Kamboja dan Amerika Serikat merayakan hari jadi ke-70 hubungan diplomatik mereka pada 2020. Perayaan itu berlangsung di tengah meningkatnya ketidakpercayaan dan kecurigaan antara kedua negara. Selama bertahun-tahun, hubungan Kamboja-AS naik-turun lantaran berbagai masalah, termasuk kepentingan geopolitik dan strategis, hak asasi manusia, demokrasi, dan baru-baru ini, terkait faktor Tiongkok. 1 Namun, dalam beberapa tahun terakhir, hubungan bilateral mereka terutama dipenuhi dengan tuduhan, konfrontasi, dan ketidakpercayaan. Pada 2017, Kamboja menuduh AS berkolusi dengan Partai Penyelamatan Nasional Kamboja (Cambodia National Rescue Party, CNRP), partai oposisi utama Kamboja yang kini telah bubar, untuk melawan pemerintah Kamboja. Pada 2019, Amerika Serikat menuduh Kamboja menandatangani kesepakatan rahasia dengan Tiongkok untuk mengizinkan militer Tiongkok mengakses Pangkalan Angkatan Laut Ream milik Kamboja di Provinsi Preah Sihanouk. Kedua negara membantah tuduhan satu sama lain dan telah mencoba untuk memulihkan hubungan, tetapi hubungan kedua negara ini tampaknya terjebak dalam spiral memburuk.
Dalam tulisan ini, saya akan memeriksa hubungan yang tegang antara Kamboja dan AS dalam beberapa tahun terakhir dan menyarankan apa yang perlu dilakukan untuk meningkatkan hubungan dalam konteks kebangkitan Tiongkok dan semakin ketatnya persaingan AS-Tiongkok.

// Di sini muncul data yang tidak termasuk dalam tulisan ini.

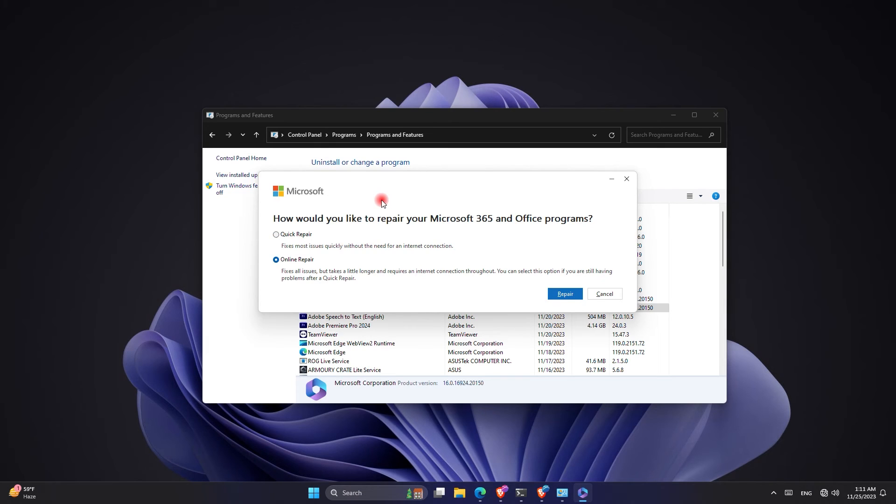Please try the quick repair. If your problem is still not solved, use the online repair. Either one of these two will solve your problem.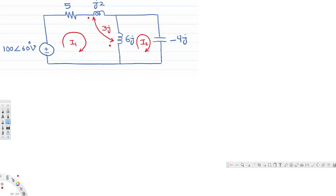In this video we are going to see an example of a magnetically coupled circuit. In this particular problem we are asked to find the mesh currents i1 and i2.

Tegangnya Hubungan Kaboja-AS
Sejak 2017, hubungan Kamboja-AS telah mencapai titik terendahnya. Pada Januari 2017, Kamboja membatalkan latihan militer bersamanya dengan AS, yang dikenal sebagai Angkor Sentinel, dengan alasan banyaknya kegiatan pada pemilihan umum komune dan nasional. Pada Februari 2017, William Heidt, Duta Besar AS untuk Phnom Penh saat itu, mengatakan Kamboja harus membayar kembali utang perangnya senilai US$500 juta—suatu tuntutan baru yang menimbulkan protes di antara warga Kamboja, khususnya para pemimpin politik, yang menganggap utang itu “kotor” dan “berlumur darah”. 2
Pada akhir 2017, CNRP dibubarkan atas perintah pengadilan, yang secara luas dilihat sebagai bagian dari tindakan keras pemerintah Kamboja terhadap media independen, masyarakat sipil, dan kelompok oposisi. Tindakan keras itu membuat Partai Rakyat Kamboja yang berkuasa tidak tertandingi dalam pemilihan umum 2018, memungkinkannya memenangkan keseluruhan 125 kursi di Majelis Nasional. Menyusul pemilihan umum dan tindakan keras berikutnya yang menandakan kemunduran demokrasi Kamboja dan situasi hak asasi manusia yang memburuk, AS memberlakukan sanksi visa dan pembekuan aset terhadap beberapa pejabat senior Kamboja dan para pengusaha yang menjadi sekutu dekat Perdana Menteri Hun Sen, dengan alasan korupsi. Misalnya, berdasarkan bagian kedua Undang-Undang Akuntabilitas Hukum Magnitsky (Global Magnitsky Act), Departemen Keuangan AS telah memberikan sanksi atas Hing Bun Hieng, komandan unit pengawal Hun Sen, dan atas Kun Kim, mantan kepala staf gabungan Angkatan Bersenjata Kerajaan Kamboja. AS juga memberlakukan sanksi terhadap satu perusahaan Tiongkok, yakni Kelompok Pengembangan Serikat (Union Development Group, UDG), atas penyitaan dan pembongkaran tanah warga lokal Kamboja. 3 UDG telah membangun proyek Dara Sakor senilai US$3,8 miliar dengan bandara internasional yang memiliki landasan pacu yang cukup panjang bagi pendaratan Boeing 747 atau pesawat militer.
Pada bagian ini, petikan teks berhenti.